One is from a background where violence is common, where policemen are considered the enemy — e.g. Rodney King, Abner Louima and Amadou Dialo — so a few dogs killing each other pales in insignificance compared to the indiscriminate taking of human lives.
The others are from a background of wealth, prestigious university educations and the like. Sen. Strom Thurmond had such a background, when at age 25 he impregnated a teenage black. It is automatic and normal that most blacks think the Duke students were guilty of abusing that woman in some way.
Again, that doesn’t make it right, only to demonstrate the nuances of race in our society.
Only a few blacks share my belief that Simpson is guilty. Those who do not applauded when he was found innocent.
Treading through the morass of race relations in this country is fraught with misunderstanding. Similar to a culture gap, we have a way to go to close it. Much progress has been, and is still being made.
William V. Lofton
To the editor:
I’ve been following the recent coverage of the merger between UnitedHealth and Sierra Health Services and have noticed an element of this story that hasn’t fully been told — the impact on the nonprofit community.

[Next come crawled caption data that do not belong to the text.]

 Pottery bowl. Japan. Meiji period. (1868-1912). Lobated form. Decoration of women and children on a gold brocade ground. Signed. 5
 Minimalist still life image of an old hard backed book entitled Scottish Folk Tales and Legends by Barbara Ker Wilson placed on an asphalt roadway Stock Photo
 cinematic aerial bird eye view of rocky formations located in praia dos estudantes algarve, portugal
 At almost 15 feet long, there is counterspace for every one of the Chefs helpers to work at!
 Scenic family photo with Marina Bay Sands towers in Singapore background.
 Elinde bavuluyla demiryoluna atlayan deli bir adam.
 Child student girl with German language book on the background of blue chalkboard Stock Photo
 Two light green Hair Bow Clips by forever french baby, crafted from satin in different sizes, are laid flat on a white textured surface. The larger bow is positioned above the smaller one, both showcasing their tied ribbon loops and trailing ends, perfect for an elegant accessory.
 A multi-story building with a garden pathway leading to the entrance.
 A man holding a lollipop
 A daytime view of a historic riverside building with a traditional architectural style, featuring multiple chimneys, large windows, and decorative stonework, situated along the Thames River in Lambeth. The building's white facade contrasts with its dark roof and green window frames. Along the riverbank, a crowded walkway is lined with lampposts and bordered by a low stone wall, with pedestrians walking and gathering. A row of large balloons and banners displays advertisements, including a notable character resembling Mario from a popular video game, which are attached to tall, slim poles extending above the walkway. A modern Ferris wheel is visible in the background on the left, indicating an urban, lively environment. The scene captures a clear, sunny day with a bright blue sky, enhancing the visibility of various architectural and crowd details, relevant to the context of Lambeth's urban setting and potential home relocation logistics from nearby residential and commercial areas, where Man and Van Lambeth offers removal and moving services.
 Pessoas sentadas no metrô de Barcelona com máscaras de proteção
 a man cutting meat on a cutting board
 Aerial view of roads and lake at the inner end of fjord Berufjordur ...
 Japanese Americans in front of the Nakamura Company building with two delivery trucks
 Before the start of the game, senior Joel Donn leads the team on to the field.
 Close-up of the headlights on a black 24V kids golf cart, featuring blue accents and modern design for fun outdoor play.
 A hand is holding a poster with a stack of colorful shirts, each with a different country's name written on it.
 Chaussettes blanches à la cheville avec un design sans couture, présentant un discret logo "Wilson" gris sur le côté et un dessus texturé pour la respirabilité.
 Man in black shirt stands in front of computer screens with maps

As officer of the Nevada chapter of the Paralyzed Veterans of America, I’ve personally experienced UnitedHealth’s commitment to our community. Five of our NVPVA members competed in the 27th National Veterans Wheelchair Games in Milwaukee this summer, thanks to the support of UnitedHealth, who helped jump-start our fundraising by making the first contribution.
A month later, when UnitedHealth learned we were still short of our funding goal, which put some of our team members in jeopardy of missing the largest annual wheelchair competition in the world, the company donated the rest of the funds. This allowed our team to compete and bring home 15 medals.
I’ve had the pleasure of working with the people at UnitedHealth and have had the opportunity to learn more about the company’s commitment to improving the health of its members. After hearing more about the proposed merger and how it will benefit Nevadans by combining Sierra and UnitedHealth products, services and resources, it’s clear that these companies are committed to improving access to affordable, quality health care in Nevada.
I believe the merger will benefit other local charitable organizations like mine, as the combined company and its employees will continue to be good corporate citizens through their charitable giving programs, volunteer efforts and community-relations activities.
THE WRITER IS VICE PRESIDENT THE PARALYZED VETERANS OF AMERICA, NEVADA CHAPTER.